# Problem description
Among the records below, find the line with "Stylish women's occasion" and the line with "Venice, Businessman using". Set down both and every line between, exactly and with no pictures, but nothing else.

# Provided data
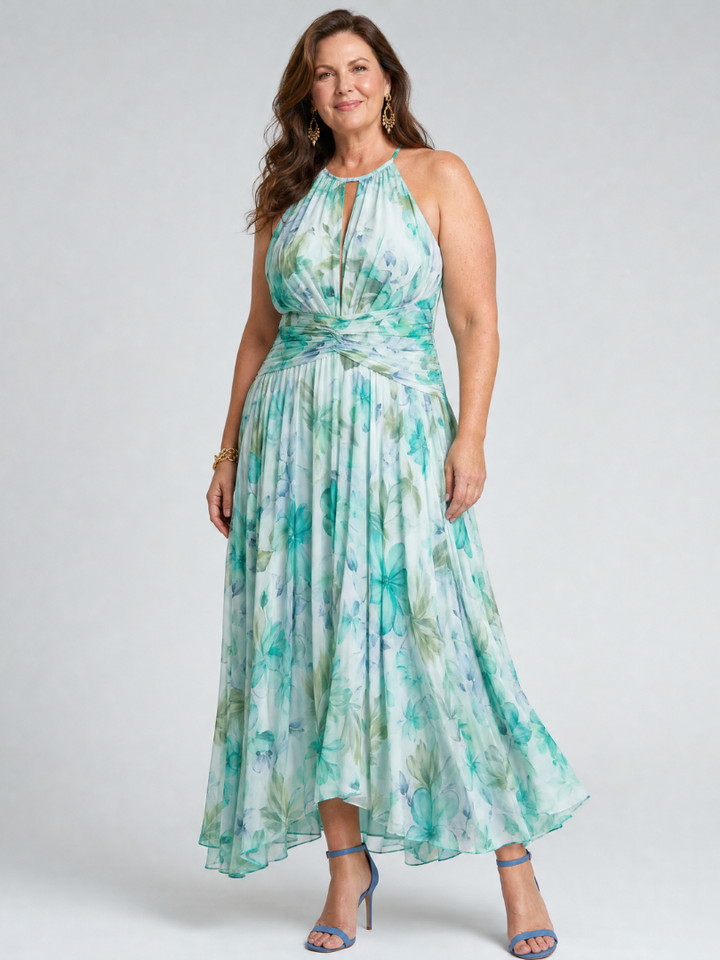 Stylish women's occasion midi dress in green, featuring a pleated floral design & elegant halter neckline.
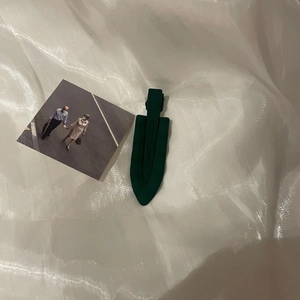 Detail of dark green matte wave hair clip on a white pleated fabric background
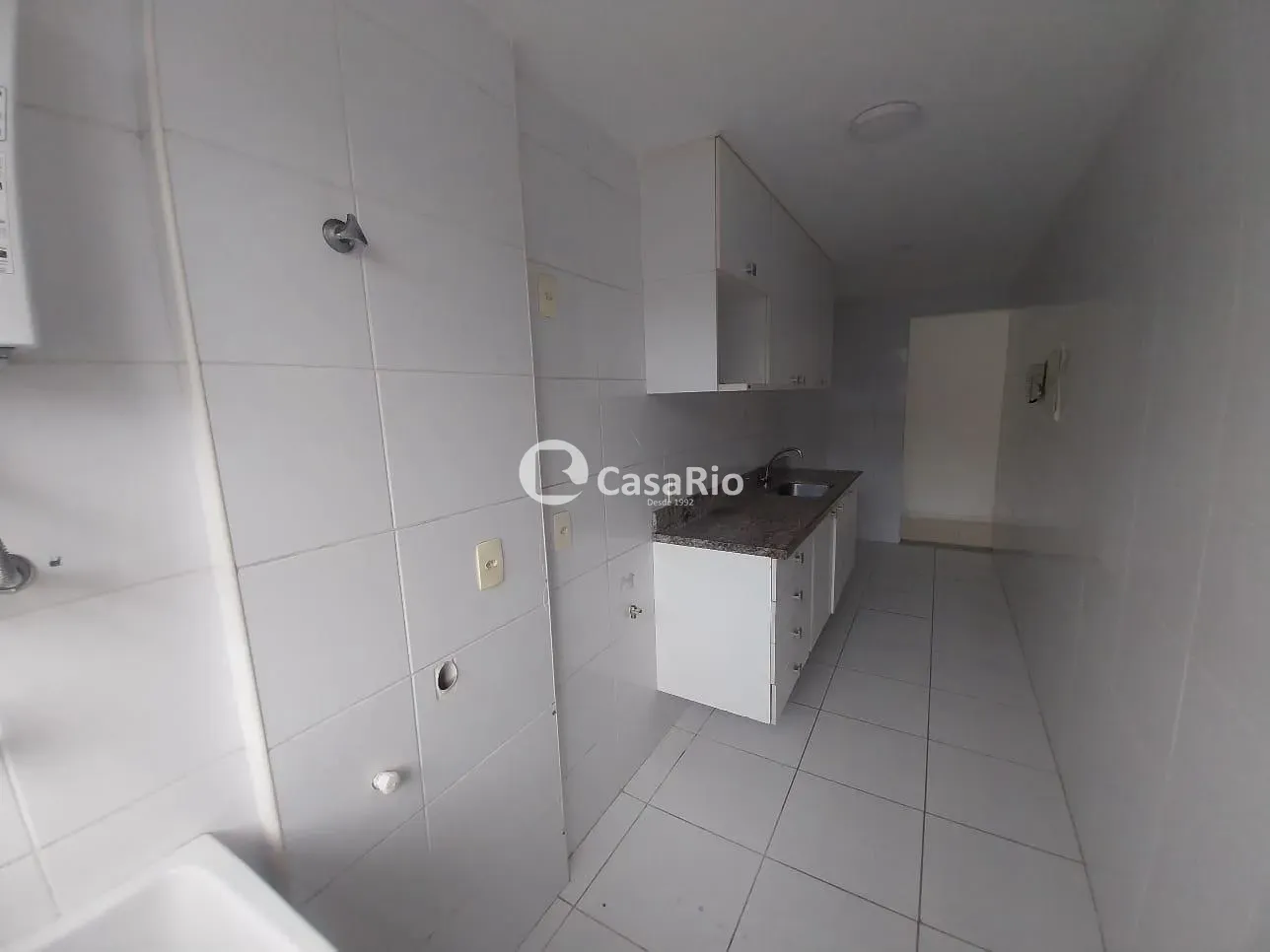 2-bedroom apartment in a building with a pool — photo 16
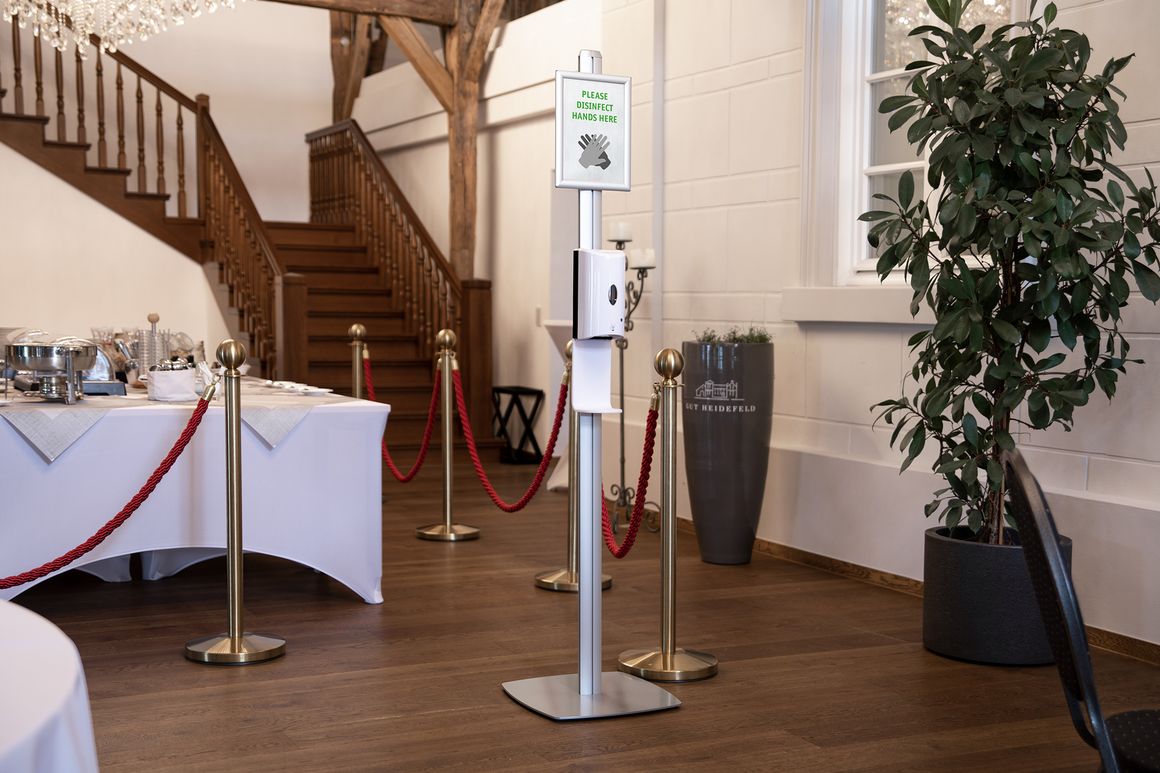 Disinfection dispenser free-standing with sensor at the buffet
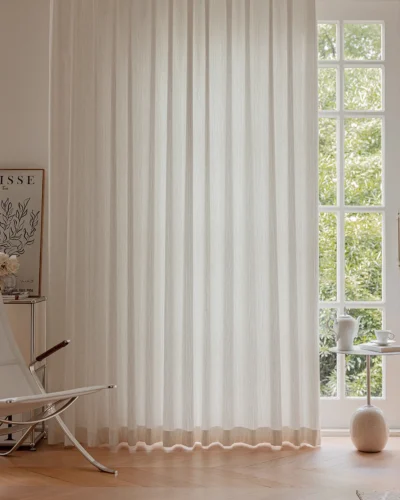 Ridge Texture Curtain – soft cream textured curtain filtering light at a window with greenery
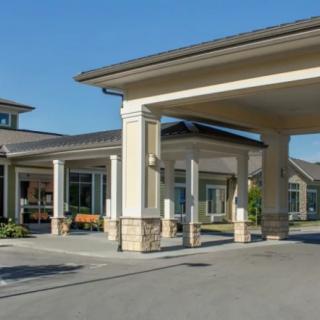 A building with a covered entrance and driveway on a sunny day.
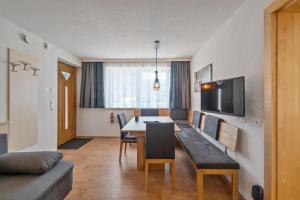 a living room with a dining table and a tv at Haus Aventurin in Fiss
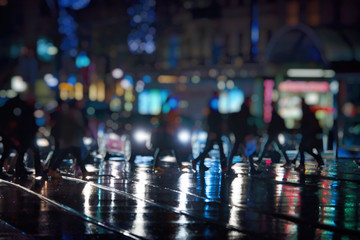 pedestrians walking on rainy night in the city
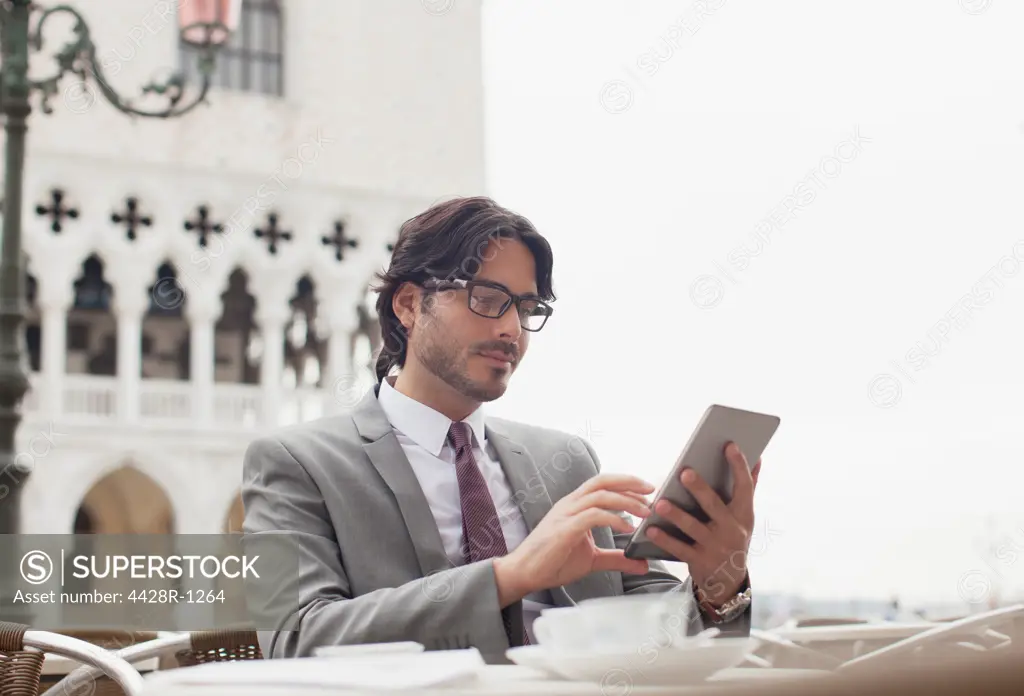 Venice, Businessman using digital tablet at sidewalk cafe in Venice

...

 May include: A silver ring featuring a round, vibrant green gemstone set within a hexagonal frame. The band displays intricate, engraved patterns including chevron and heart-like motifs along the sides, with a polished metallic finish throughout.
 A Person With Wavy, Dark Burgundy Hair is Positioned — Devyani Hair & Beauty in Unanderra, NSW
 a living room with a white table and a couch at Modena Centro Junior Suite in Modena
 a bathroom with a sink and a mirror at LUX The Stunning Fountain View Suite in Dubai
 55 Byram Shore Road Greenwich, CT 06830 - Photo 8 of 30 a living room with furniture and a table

--

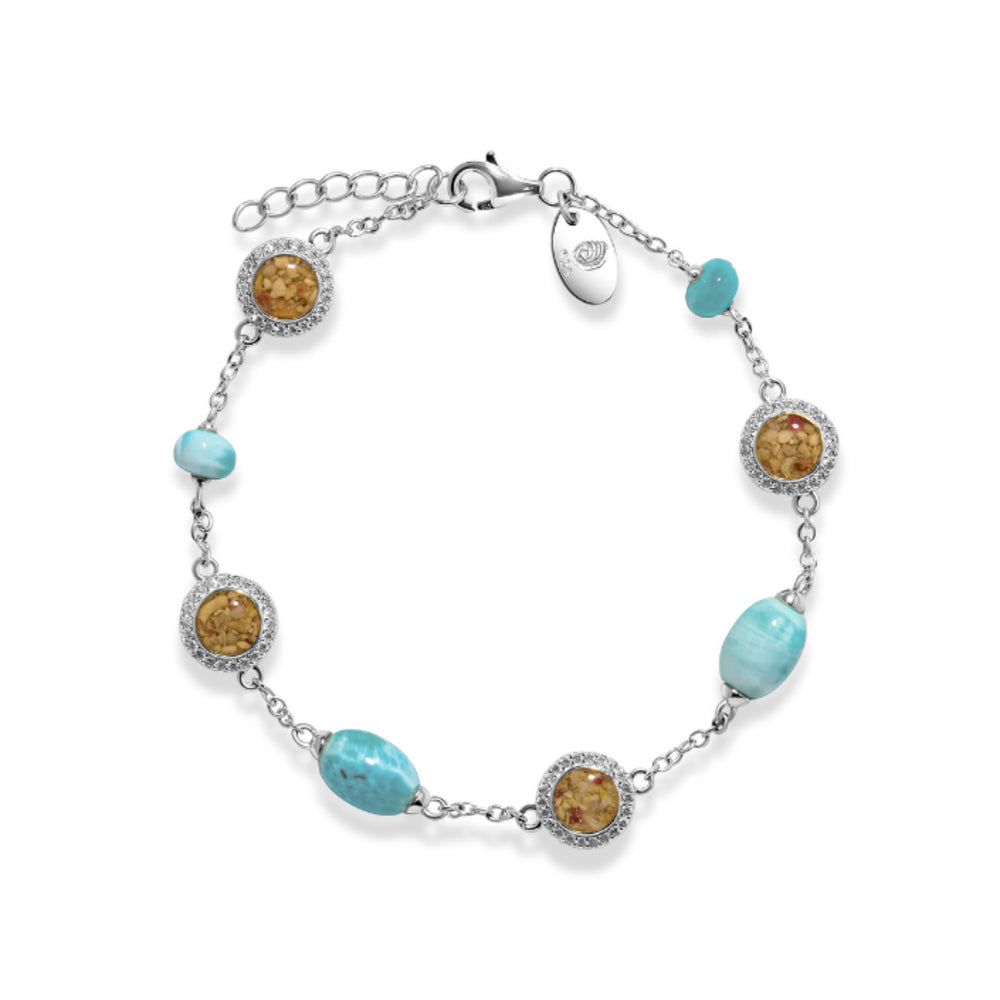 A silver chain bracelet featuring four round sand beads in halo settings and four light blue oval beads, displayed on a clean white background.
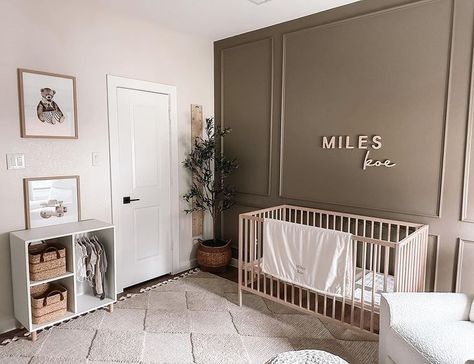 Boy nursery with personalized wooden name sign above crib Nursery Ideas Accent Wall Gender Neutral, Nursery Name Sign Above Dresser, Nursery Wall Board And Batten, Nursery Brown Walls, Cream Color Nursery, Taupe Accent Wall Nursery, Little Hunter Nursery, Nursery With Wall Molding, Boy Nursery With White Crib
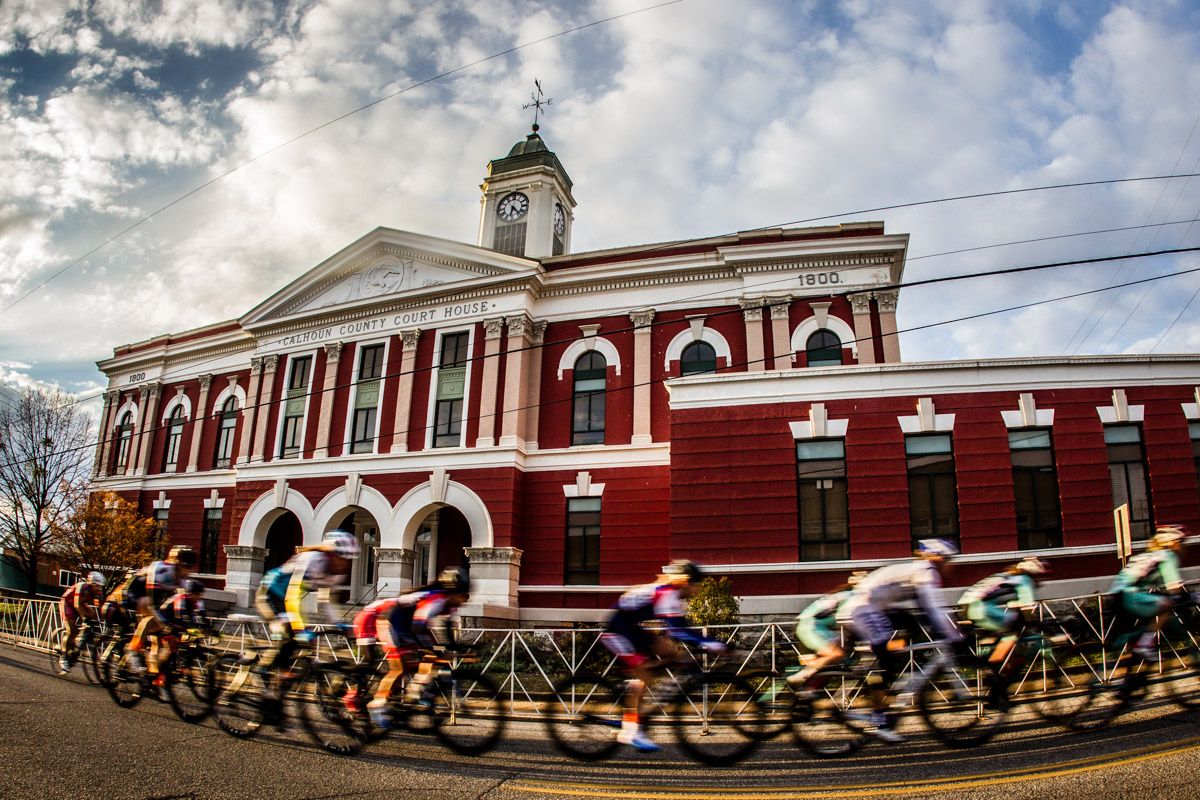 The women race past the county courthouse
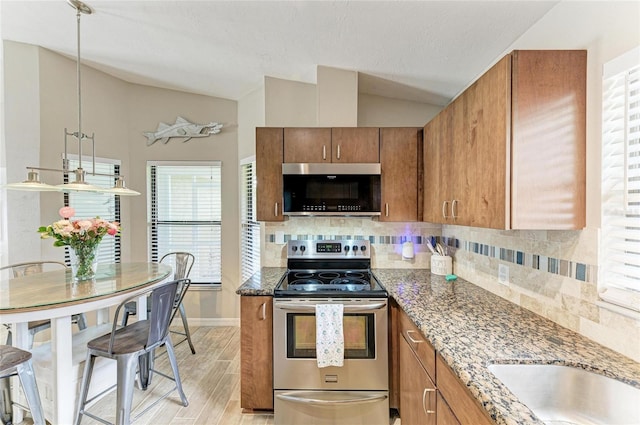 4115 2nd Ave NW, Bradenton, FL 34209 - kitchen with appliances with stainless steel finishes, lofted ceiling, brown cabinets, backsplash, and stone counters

# Answer space
 Stylish women's occasion midi dress in green, featuring a pleated floral design & elegant halter neckline.
 Detail of dark green matte wave hair clip on a white pleated fabric background
 2-bedroom apartment in a building with a pool — photo 16
 Disinfection dispenser free-standing with sensor at the buffet
 Ridge Texture Curtain – soft cream textured curtain filtering light at a window with greenery
 A building with a covered entrance and driveway on a sunny day.
 a living room with a dining table and a tv at Haus Aventurin in Fiss
 pedestrians walking on rainy night in the city
 Venice, Businessman using digital tablet at sidewalk cafe in Venice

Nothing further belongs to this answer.